Arthur Andersen Corporate Probation. It’s all over but the sentencing.
When officials of Arthur Andersen LLP walk into a Houston courtroom today, they will learn what punishment U.S. District Judge Melinda Harmon will dole out to the once-proud accounting giant.
A jury convicted Andersen in June of one count of obstructing justice for altering papers related to its work for Enron Corp. Andersen faces a fine of as much as $500,000 and as many as five years of corporate probation.
In a striking coincidence, the sentencing is taking place exactly a year after Enron began to reveal the scope of its worsening financial problems. Within weeks, Enron fired Andrew S. Fastow, the chief financial officer who has since been charged with criminal fraud; laid off thousands of workers; and filed for bankruptcy.
Andersen’s fate was sealed even before a jury handed down its historic decision. It now employs fewer than 3,000 people, down from 85,000 last fall. It stopped auditing publicly traded companies, which had been the lifeblood of the 90-year-old firm, in August, and all of its nearly 1,300 clients have switched to other accounting firms.

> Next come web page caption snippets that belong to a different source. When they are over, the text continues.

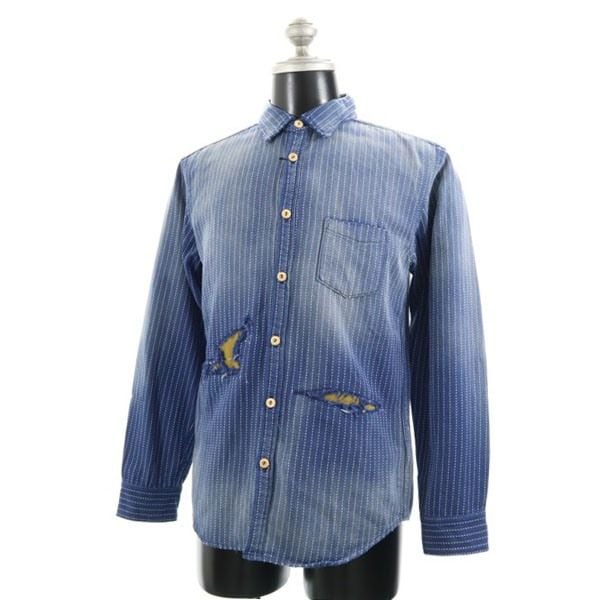 新品 備中倉敷工房 倉 長袖 クラッシュ リメイク加工 シャツ L ダークインディゴ Kula BY ETERNAL エターナル 刺子織柄 ストライプ メンズ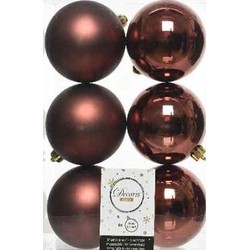 6x Kunststof kerstballen glanzend/mat mahonie bruin 8 cm kerstboom versiering/decoratie - Kerstbal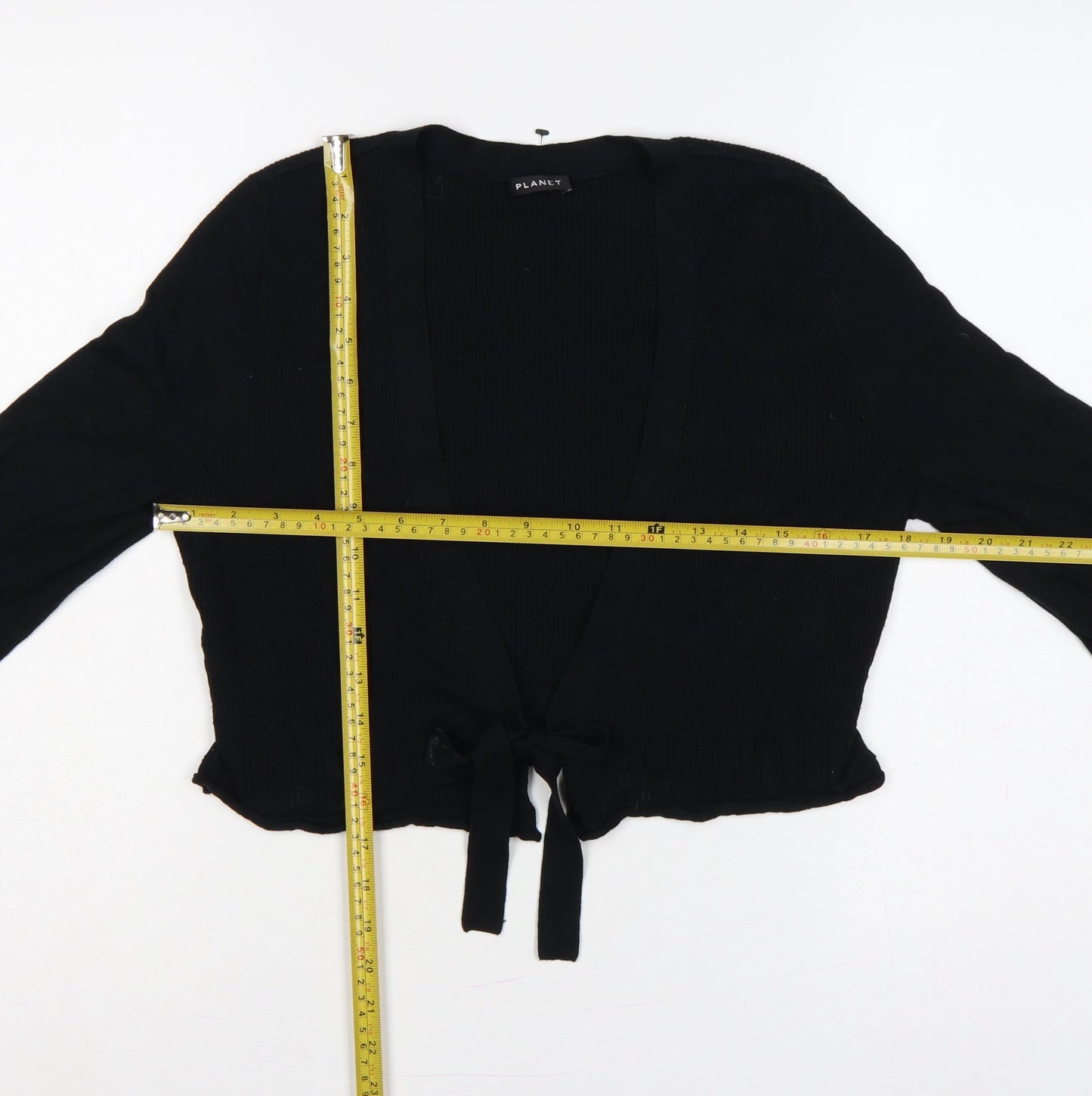Planet Women Black M Rib Knit Tie Front Wrap Cardigan Long Sleeve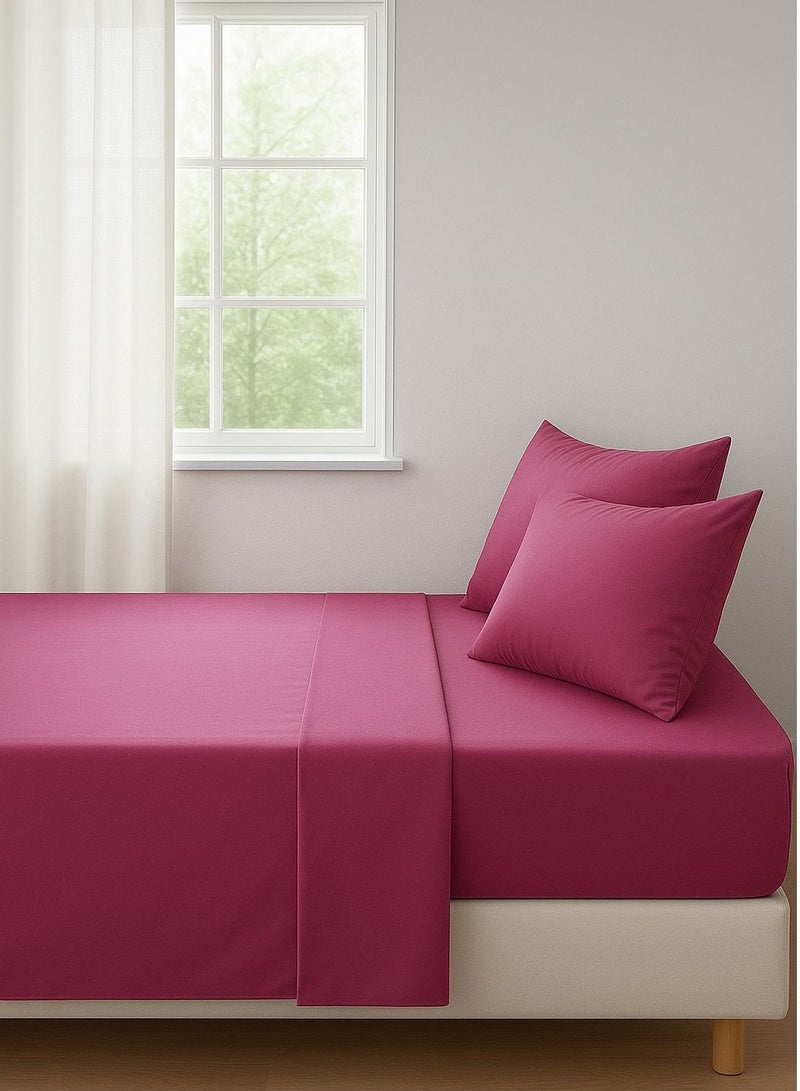 Yarlin-Bed Set (Flat Bedsheet for 180 cm beds and 2 Small Pillowcases (Hot Pink) Design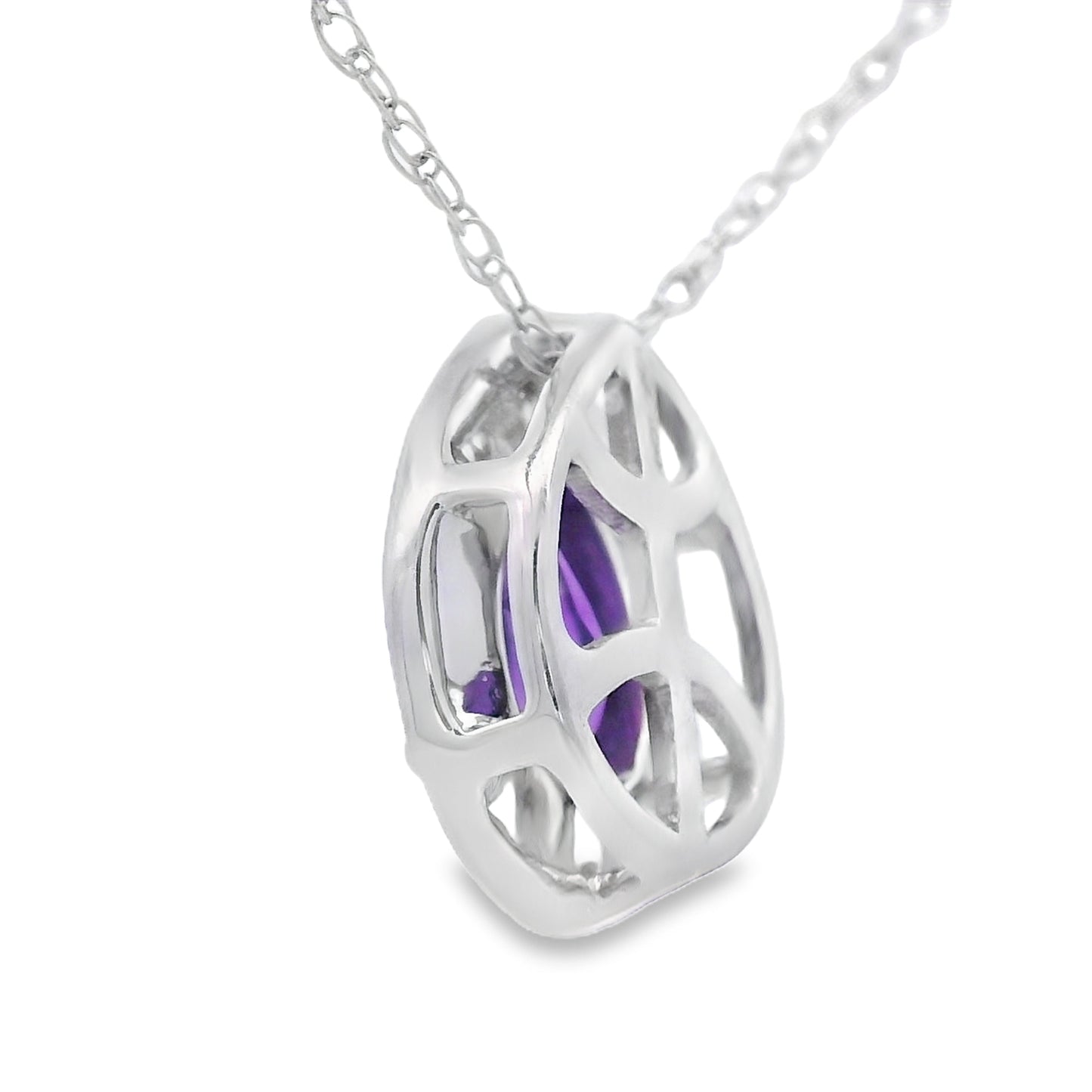 .37ct Colgante de Amatista y Diamante en Oro Blanco de 10KT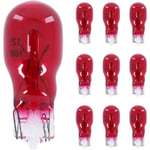 Cyclingcolors - 10x Ampoule 12V 10W T13 W2.1x9.5d clignotant latéral voiture moto scooter éclairage goutte d'eau lampe tableau bord indicateur, rouge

Thousands of accountants and consultants who had worked at Chicago-based Andersen defected to other accounting firms. The staffers who remain spend most of their time defending Andersen against civil suits related to its work for Enron, WorldCom Inc. and other former clients embroiled in accounting scandals.
“There certainly is some litigation the firm is working through at this time,” said Patrick Dorton, an Andersen spokesman.
But Andersen has not filed for bankruptcy protection and “continues to be an ongoing business,” Dorton said .
One job is training workers at Accenture, its former consulting unit, in a St. Charles, Ill., facility known as Andersen University . Andersen also continues to process payments for past audit work and has received what’s believed to be millions of dollars for releasing hundreds of its partners to competing firms.
Immediately after the jury’s verdict, Andersen announced that it would appeal. Lawyers said that process could take a year or more. Others suing Andersen for its role in the Enron collapse may wait even longer.
Trey Davis, a spokesman for the University of California, which lost $145 million when Enron filed for bankruptcy protection in December, said there have been no settlement talks since May. Andersen’s worldwide unit and some of its global member firms settled with California and other plaintiffs in August for about $60 million.
Another loose end in the case is whether prosecutors will bring criminal charges against Nancy Temple, the Andersen staff lawyer whose suggestions about deleting items from an internal memo about Enron were cited by some jurors in the company’s trial as an example of lawbreaking. Mark Hansen, a lawyer for Temple, did not return calls but has said before that her conduct was “entirely appropriate.”
David B. Duncan, the lead auditor on Andersen’s Enron account, awaits sentencing on his conviction on an obstruction-of-justice charge, to which he pleaded guilty earlier this year. Duncan could face little or no prison time because he testified for the government during Andersen’s trial.